Background

Screening the entire protein-coding compartment of the human genome yields thousands of protein amino acid substitutions per individual, the majority of which are present at low frequencies (minor allele frequency (MAF) <0.1%) within the population [1]. Genetic screens typically seek to classify variants and genes of relevance to given phenotypes, including disease states. To this end, it is desirable to know whether a given variant is likely to impact protein function, with the inference being that this might influence phenotypes of interest [2,3,4,5]. However, appropriate functional assays exist for only a minority of proteins, and in those cases where functional assays do exist, their associated resource requirements are often prohibitive to routine, large-scale application.

Widely used variant effect prediction methods include SIFT [6, 7], PolyPhen (v2) [8, 9], GERP++ [10, 11], Condel [12], CADD [13], fathmm [14], MutationTaster [15], MutationAssessor [16, 17], GESPA [18] and, more recently, REVEL [19]. These use information, variously, about local sequence phylogenetic conservation, amino acid physicochemical properties, functional domains and structural attributes (Table 1). Ensemble or consensus methods such as fathmm, Condel, CADD and REVEL integrate and weight predictions from collections of tools. Recent approaches to algorithm training have applied machine learning techniques. Training and validation (or ‘benchmarking’) of these algorithms has been conducted using datasets that list variants with assigned classifications. Commonly used datasets include HumDiv [20], HumVar [21], Humsavar [22], EPS [23], dbSNP [24] and HGMD [25].

Table 1 Characteristics of the protein variant effect prediction tools assessed in this study. The table indicates their scoring ranges and thresholds, training data, summary information about features and, where applicable, machine learning method

All of the above algorithms have reported potential merit and are widely used in practice. The original publication of REVEL, for example, reported that when this tool was tested against a set of variants from Clinvar, the resulting area under the receiver operating characteristic curve was an impressive 0.96. However, fundamental problems exist with the manner of the training and benchmarking for this and prior tools, centred primarily on the independence and truthfulness of reference sets. Indeed, the authors of REVEL acknowledged that these issues placed potential limitations on their study.

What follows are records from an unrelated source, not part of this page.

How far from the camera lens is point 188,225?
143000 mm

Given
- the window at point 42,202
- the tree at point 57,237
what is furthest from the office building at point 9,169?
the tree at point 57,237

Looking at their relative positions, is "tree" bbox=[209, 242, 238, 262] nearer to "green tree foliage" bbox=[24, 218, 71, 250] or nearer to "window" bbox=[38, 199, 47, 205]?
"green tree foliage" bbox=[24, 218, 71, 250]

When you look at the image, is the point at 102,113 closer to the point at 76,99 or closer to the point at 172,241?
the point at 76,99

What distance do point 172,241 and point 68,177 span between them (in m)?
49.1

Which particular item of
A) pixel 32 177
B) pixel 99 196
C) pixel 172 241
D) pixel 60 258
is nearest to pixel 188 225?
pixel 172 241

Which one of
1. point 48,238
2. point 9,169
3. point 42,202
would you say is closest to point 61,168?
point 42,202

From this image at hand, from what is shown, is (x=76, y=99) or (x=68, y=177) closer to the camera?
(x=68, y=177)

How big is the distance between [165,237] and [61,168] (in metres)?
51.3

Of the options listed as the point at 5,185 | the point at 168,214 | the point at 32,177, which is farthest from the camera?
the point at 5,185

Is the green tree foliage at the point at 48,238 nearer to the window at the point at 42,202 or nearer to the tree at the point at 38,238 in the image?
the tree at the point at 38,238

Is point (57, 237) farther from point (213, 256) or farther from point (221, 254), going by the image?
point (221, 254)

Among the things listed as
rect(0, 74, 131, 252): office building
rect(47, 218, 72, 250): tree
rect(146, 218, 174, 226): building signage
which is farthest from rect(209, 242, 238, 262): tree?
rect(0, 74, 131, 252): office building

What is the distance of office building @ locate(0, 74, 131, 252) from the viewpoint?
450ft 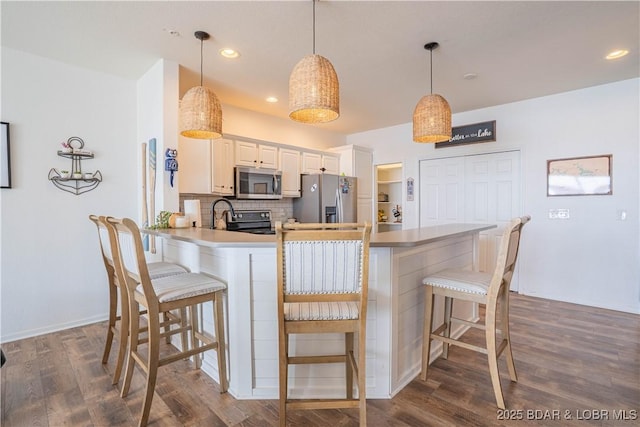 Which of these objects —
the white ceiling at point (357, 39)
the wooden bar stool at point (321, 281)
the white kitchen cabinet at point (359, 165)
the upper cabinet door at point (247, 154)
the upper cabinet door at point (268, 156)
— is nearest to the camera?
the wooden bar stool at point (321, 281)

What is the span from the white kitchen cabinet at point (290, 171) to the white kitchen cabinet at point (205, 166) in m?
0.87

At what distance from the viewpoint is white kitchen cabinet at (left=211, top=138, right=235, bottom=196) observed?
366 centimetres

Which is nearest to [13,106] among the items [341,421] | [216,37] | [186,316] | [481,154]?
[216,37]

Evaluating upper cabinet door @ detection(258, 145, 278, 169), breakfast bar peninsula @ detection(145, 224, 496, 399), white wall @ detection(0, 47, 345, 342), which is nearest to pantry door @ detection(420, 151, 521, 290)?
upper cabinet door @ detection(258, 145, 278, 169)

Grimm et al. [20] described the issue of data circularity and its effect on the assessment of prediction algorithms, explaining the importance of the choice and composition of variant datasets used for training and validation. Type 1 circularity results from substantial overlap between training and testing datasets, leading to artificially inflated apparent accuracy in contexts where variants or genes are well represented in training data and to deflated apparent accuracy in settings where they are poorly represented. Type 2 circularity results from all variants in featured genes having been labelled predominantly as either deleterious or benign. Grimm et al. postulated a third type of circularity. In this case, prediction tools contribute to new variant classifications, which, in turn, are used in further benchmarking. Variant classifications within training and benchmarking datasets have been guided substantially by computational predictions, resulting in imperfect ‘truth sets’. Disease risk inflation has been observed in the Clinvar and HumVar databases, whereby considerably fewer individuals in the general population are afflicted with given diseases than would be expected based on pathogenicity classifications within these clinical databases [1]. Ideally, mutation effect prediction training data for supervised machine learning methods should have good coverage of the protein landscape and mutation categorisation that is based on strong evidence from protein functional studies [26]. Miosge et al. [27] reported that of all the amino acid-substituting mutations predicted by PolyPhen to be deleterious to the mouse form of the key tumour suppressor, TP53, 42% had no assay-detectable functional consequence. Similarly, 45% of CADD-predicted deleterious mutations conferred no assay-detectable impact on protein function.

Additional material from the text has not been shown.